Read, listen, dance, enjoy...”
Cerebellum formed during the summer of 1988 after the breakups of Spot, Able
To Act, and Lead Pennies. Spot brought Joey Mudd (vocals and metal) and Breck
Pipes (guitar) to the group. Lead Pennies brought Will Chatham (drums) and
Jon Cook (bass and vocals). Tim Furnish (guitar) joined after leaving Able
To Act. Drew Daniel (metal and vocals) was added later, after Cerebellum
had already begun performing. As a six piece, Cerebellum did a lot of instrument
swapping and was famous for the ridiculous amounts of time they spent on
stage
between songs.
They tried to shift emphasis in the Louisville punk scene from
being tough and textbook punk, to expressing emotions and speaking the truth.
Music seemed
to hold a
deeper place in the hearts of this band. It seemed to be much more important
that the message in the music was genuine and sincere, rather than just a good
message. It showed in everything from their common enthusiasm, to the unconventional
instruments they used.

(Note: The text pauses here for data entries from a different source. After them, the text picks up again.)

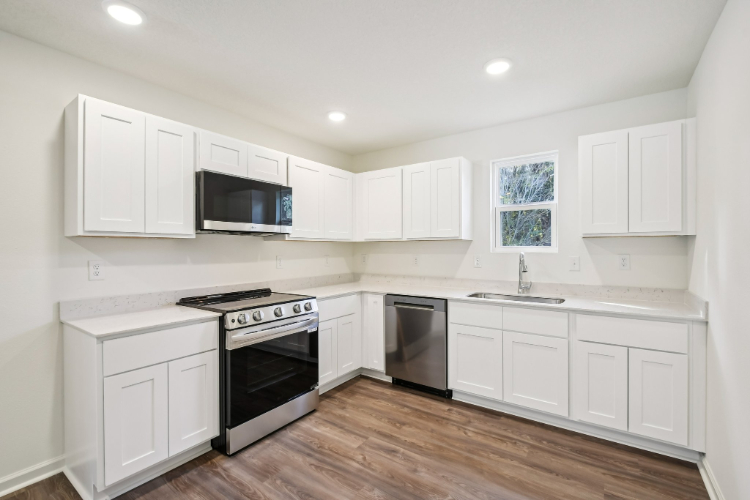 A kitchen with white cabinets.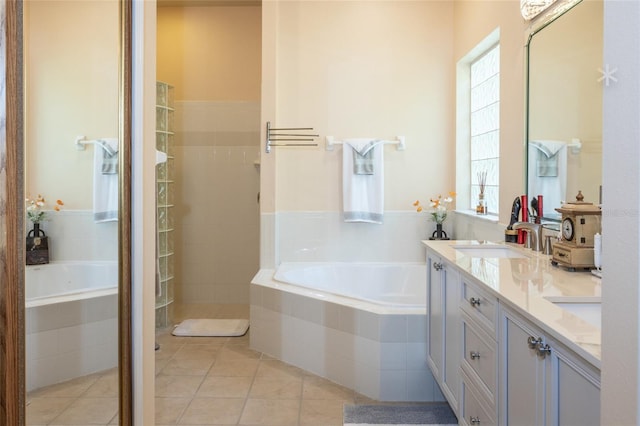 bathroom with vanity, a wealth of natural light, independent shower and bath, and tile patterned floors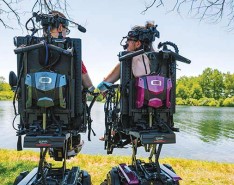 Two people sitting in medical assist chairs by a sunny lake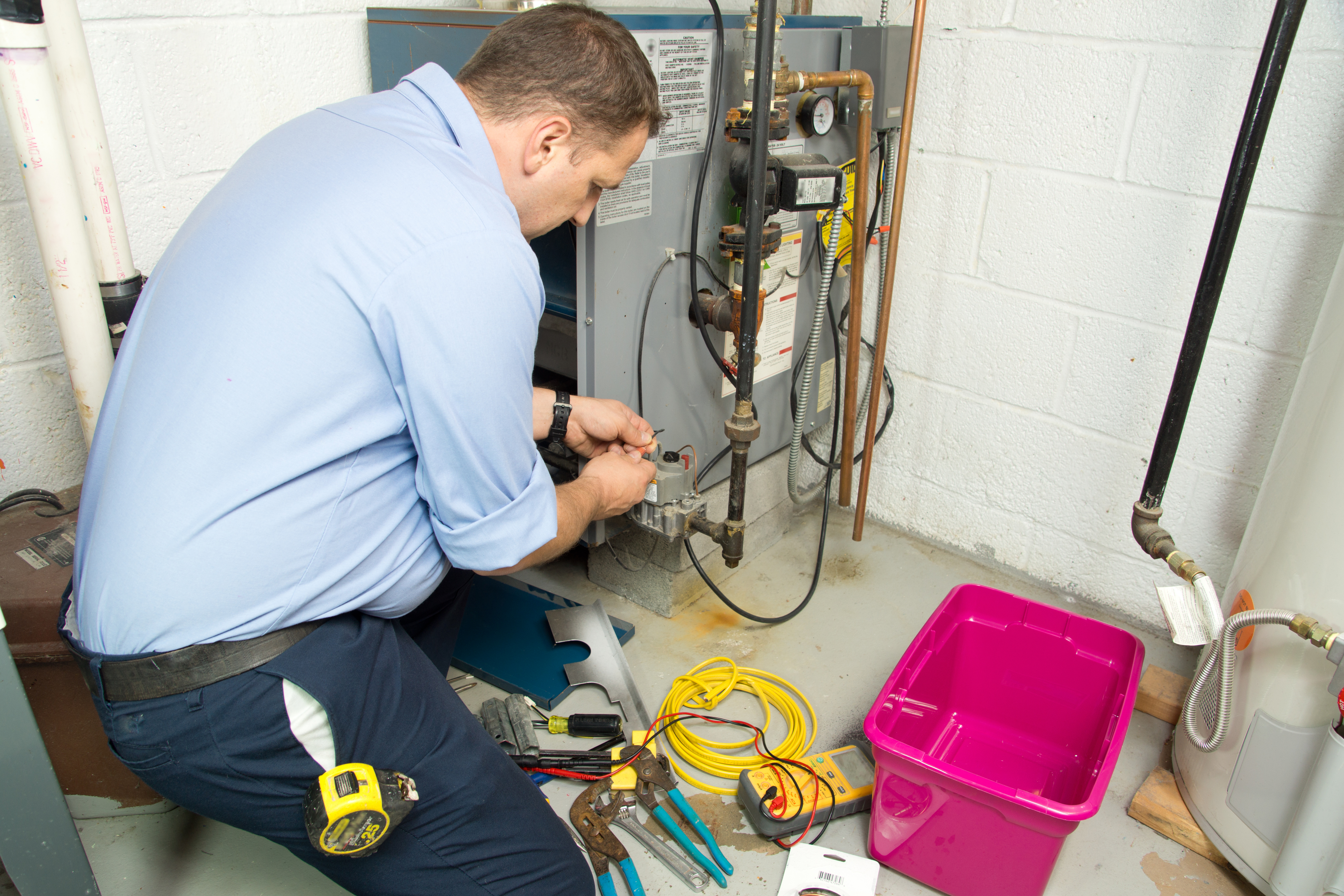 Plumber working on plumbing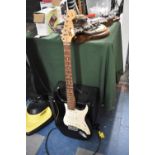 A Squier Strat Guitar and a Peavey Rage 158 Amp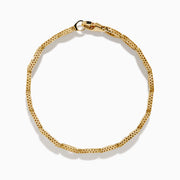 The D'Oro 14K Yellow Gold Chain Link Diamond Bracelet features interlocking oval links and embedded diamonds for a luxurious, elegant look.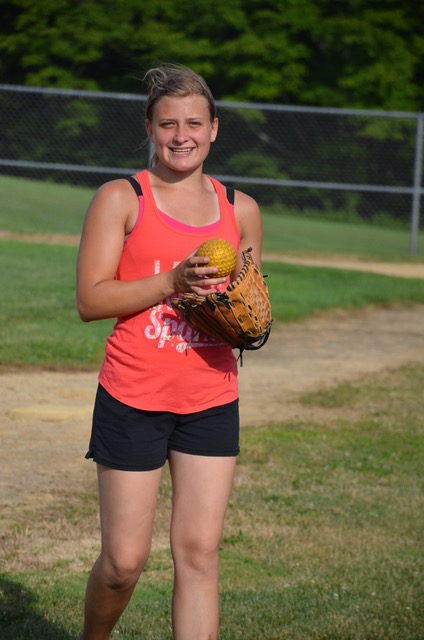 girl smiling after catching softball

It wasn’t unusual to see refrigerator coils, steel
jugs of bleach, or traffic light covers on stage alongside the amplifiers.
Joey Mudd wrote a short biography of the band in February 1989. It ended with
the line, “We’re playing music we feel.” There were more
words continuing that line, but he scratched them out to leave it at just, “We’re
playing music we feel.” This one simple sentence summarizes what Cerebellum
was about perhaps as well as any could.
The Cerebellum cassette also seemed to summarize what Slamdek
aspired to be about: a total group effort put forth by people who all wanted
to achieve a
common goal. Three members of the band, and members of their families, were
directly involved putting together the cover artwork. The typesetting was done
on an early Macintosh at the Furnishes’ Everett Avenue home, then printed
on a laser printer at (Tim’s younger brother) Simon Furnish’s school.
Their mother, Denise Furnish, made a photostat of the type to reverse it to
white on black. Drew and Joey put together the colored cover design. And Tim
selected the photos for the inside.
When it was all nearly ready, Tim, Joey, and I made the pilgrimage to Kinko’s
on Hurstbourne Lane to have the color copies run. The page was laid out with
the front and back of the cassette insert laying side by side. In doing this,
after say, a hundred copies had been run through the color copier, those prints
could be turned over and fed through again. An identical copy could be made
on the back of each, which could then be cut into two hundred (first-generation
copy) cassette J-cards.
As it turned out, printing a design which was almost solid black on two sides
of the sheet tended to make the finished product fairly heavy. Because of all
the black ink on both sides of the sheet, the Cerebellum tape covers had a
weighty, glossy feel. Almost like thick, glossy paper would feel. And this
flabbergasted those in the Endpoint camp who had campaigned so heartily for
heavier, glossy paper. March 2, 1989, Cerebellum at Juniper Hill:
Will Chatham, Breck Pipes, and Joey Mudd.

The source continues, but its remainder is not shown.